Exercise: The reply should contain all the data below, repeated exactly, and none of the images.

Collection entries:
*** Begin section ***
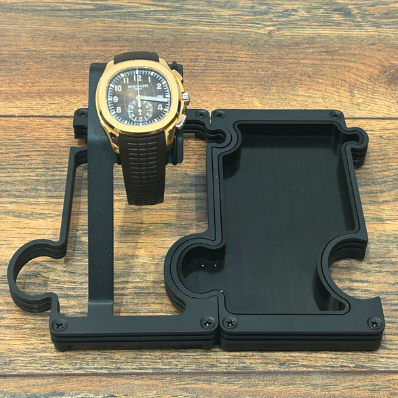 Gold watch on a black stand against a wooden background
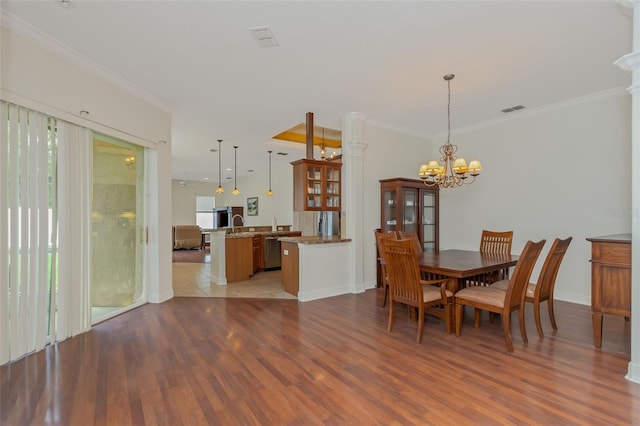 dining space with ornamental molding, visible vents, and light wood finished floors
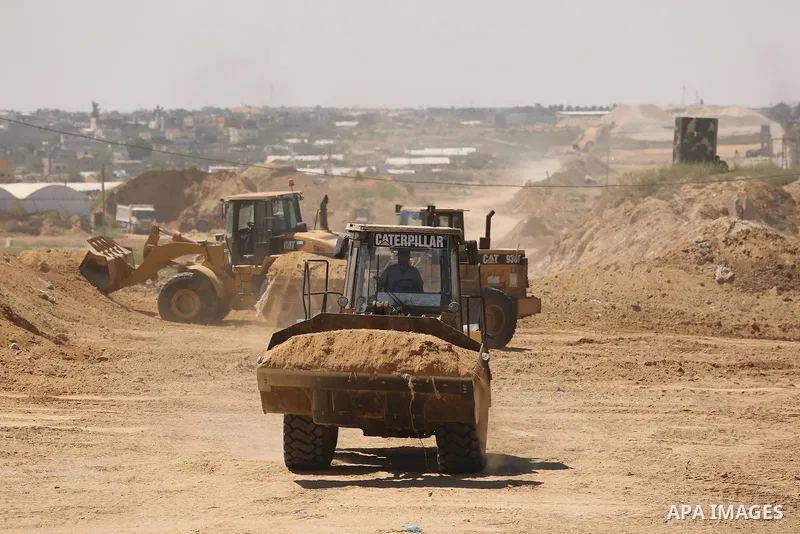 Parliment Palestinian bulldozers clear an area as Hamas begins creating a large buffer zone on the border with Egypt in the southern Gaza strip town of Rafah, on June 29, 2017. The buffer zone is expected to extend for a...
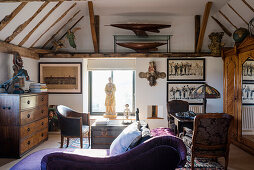 Purple chaise longue with statue in window and writing table lit by an 60’s lamp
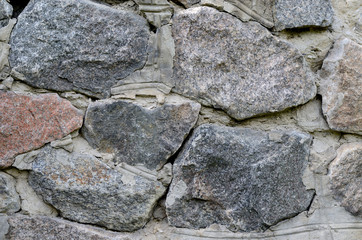 Old stone wall made of huge granite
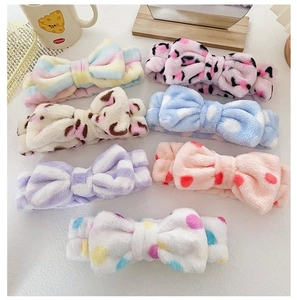 Flat lay of colorful plush bow headbands with rainbow, leopard, and polka dot patterns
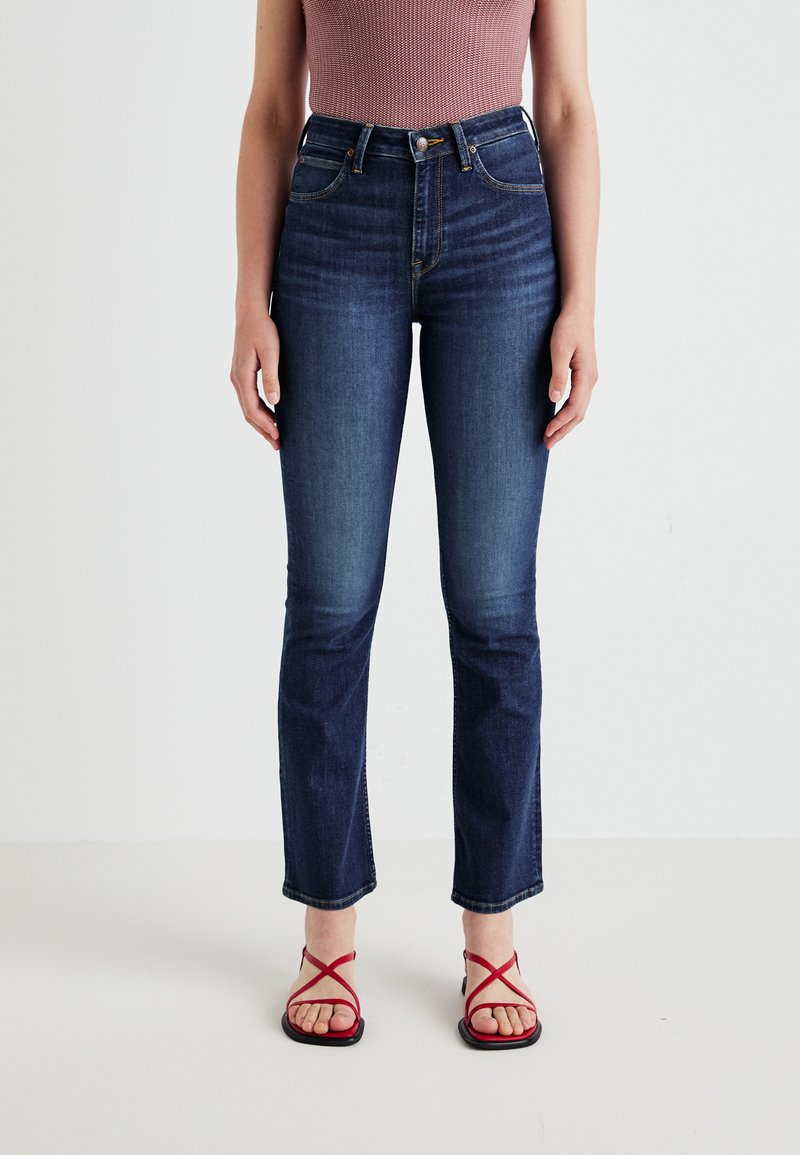 Hoge taille, donkerblauwe jeans met een rechte pijp, voorzien van voorzakken en een subtiele vervaging. Gestyled met rode sandalen met bandjes.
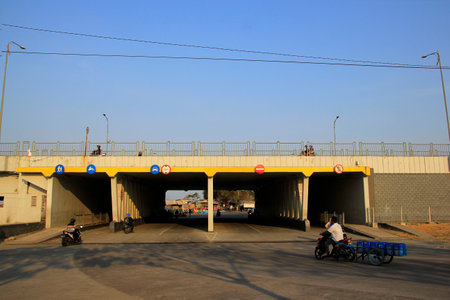Surabaya, Indonesia, Oct 29, 2015. Residents passed comfortably on the underpass road project around Suramadu Bridgeのeditorial素材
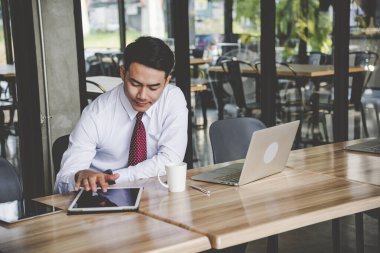 İşadamı internet üzerinden çalışan kablosuz internet teknolojisiyle ofis masasında akıllı dijital tablet kullanıyor. Asyalı yakışıklı adam akıllı tablet kullan, cihaz kontrolü yap. Serbest iş adamı teknolojisi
*** End section ***
Answer for this exercise:
 Gold watch on a black stand against a wooden background
 dining space with ornamental molding, visible vents, and light wood finished floors
 Parliment Palestinian bulldozers clear an area as Hamas begins creating a large buffer zone on the border with Egypt in the southern Gaza strip town of Rafah, on June 29, 2017. The buffer zone is expected to extend for a...
 Purple chaise longue with statue in window and writing table lit by an 60’s lamp
 Old stone wall made of huge granite
 Flat lay of colorful plush bow headbands with rainbow, leopard, and polka dot patterns
 Hoge taille, donkerblauwe jeans met een rechte pijp, voorzien van voorzakken en een subtiele vervaging. Gestyled met rode sandalen met bandjes.
Surabaya, Indonesia, Oct 29, 2015. Residents passed comfortably on the underpass road project around Suramadu Bridgeのeditorial素材
 İşadamı internet üzerinden çalışan kablosuz internet teknolojisiyle ofis masasında akıllı dijital tablet kullanıyor. Asyalı yakışıklı adam akıllı tablet kullan, cihaz kontrolü yap. Serbest iş adamı teknolojisi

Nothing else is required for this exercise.